Some people have a strange view on ‘Character’ I wonder how they would react if those supporters were asked to pay extra council tax or fundraise to maintain the gas holders? …is that a rush to the exit!


#23

Can see a great job creation opportunity here.

One team to train the birds to roost there.

A second team to clean off the guano build-up.


#24

I don’t really see what it strange about it. We all have differing opinions on these sort of thing do we not? Personally I really like industrial landscapes, power stations and the like and I find the gas holders beautiful and I would prefer they stay or be incorporated into a local plan but I think we have had this discussion previously.
Slightly insulting to make the suggestion that if asked to fundraise everyone who supports them staying would run for the hills. Many people on here have raised money for diverse causes - murals, bake-houses, library and Leaf and Groove. Maybe the gas holders wouldn’t be quite as vibrant a cause - who knows. However I find the lack of imagination regarding the whole site to be a little depressing especially this idea that if you have to dip into your own pockets for anything you support but I fear that is another debate for another day.


#25

I am surprised you find my view insulting, i would suggest in the case of the gas holders I am 100% accurate.It would be interesting to put it to the test.qq
I have in the past held events for the village church, chaired a fundraiser for the school swimming pool and changing facilities, computers including laptops for disabled students, meals for the elderly.
However, given a choice of an Aldi, restaurant or housing or two rusting structures then I would volunteer to man the bulldozers.


#26

What @Wynell said.

And what @Foresthillnick said.

How do you link the two statements with the phrase “Slightly insulting…”.

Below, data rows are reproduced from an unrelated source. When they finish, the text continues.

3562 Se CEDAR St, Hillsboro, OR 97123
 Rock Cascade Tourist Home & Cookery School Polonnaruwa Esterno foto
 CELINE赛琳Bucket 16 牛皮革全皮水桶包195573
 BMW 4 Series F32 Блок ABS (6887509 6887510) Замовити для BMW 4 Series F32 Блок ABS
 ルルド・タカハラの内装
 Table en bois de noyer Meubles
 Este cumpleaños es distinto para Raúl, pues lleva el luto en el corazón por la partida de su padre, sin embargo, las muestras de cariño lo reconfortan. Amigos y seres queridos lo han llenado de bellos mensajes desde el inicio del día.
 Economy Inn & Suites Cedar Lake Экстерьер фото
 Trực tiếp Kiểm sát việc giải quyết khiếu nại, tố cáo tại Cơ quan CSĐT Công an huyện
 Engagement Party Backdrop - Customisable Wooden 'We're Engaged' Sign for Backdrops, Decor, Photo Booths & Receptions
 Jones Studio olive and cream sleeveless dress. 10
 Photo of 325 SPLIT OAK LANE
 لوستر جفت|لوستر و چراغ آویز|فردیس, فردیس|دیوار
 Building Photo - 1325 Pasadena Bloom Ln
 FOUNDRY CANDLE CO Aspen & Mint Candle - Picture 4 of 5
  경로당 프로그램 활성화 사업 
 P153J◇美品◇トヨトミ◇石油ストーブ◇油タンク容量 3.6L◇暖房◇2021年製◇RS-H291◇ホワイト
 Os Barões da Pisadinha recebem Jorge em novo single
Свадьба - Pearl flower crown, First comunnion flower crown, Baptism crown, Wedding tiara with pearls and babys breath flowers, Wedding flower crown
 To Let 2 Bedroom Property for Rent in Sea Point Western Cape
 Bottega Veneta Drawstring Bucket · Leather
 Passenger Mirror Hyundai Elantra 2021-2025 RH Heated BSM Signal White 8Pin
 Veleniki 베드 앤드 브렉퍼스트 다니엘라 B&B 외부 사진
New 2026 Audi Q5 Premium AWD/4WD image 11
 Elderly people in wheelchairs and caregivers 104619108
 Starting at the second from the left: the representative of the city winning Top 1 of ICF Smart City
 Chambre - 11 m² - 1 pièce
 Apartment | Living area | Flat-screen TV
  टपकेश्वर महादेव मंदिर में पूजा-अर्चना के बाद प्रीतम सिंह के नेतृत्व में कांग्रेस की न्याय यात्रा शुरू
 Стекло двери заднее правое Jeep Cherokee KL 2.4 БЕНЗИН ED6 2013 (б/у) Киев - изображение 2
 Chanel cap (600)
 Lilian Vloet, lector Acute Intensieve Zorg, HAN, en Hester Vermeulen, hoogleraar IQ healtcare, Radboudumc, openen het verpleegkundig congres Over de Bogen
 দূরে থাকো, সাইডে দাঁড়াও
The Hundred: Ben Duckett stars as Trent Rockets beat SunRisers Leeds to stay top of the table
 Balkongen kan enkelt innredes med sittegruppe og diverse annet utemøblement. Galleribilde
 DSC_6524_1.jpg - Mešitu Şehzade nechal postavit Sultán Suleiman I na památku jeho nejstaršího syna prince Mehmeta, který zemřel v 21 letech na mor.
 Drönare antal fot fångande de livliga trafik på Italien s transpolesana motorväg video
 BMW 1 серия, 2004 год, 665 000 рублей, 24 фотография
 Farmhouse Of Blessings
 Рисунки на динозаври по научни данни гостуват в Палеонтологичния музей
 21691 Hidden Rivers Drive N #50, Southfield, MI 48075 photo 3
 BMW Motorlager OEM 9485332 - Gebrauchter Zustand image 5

No evidence of insult and @Wynell asks a very valid question.

Requires some reconsideration methinks.


#27

In terms of who got their dibs in first - you may only be at position three in the queue.


#28

I would like the gasholders to stay. This is because I think they are important, architecturally speaking and because they form the backdrop of the listed Livesey Hall, which is inextricably linked to the gasworks.

I also believe that there is not really any community asset on the site, so a park and playground should be added.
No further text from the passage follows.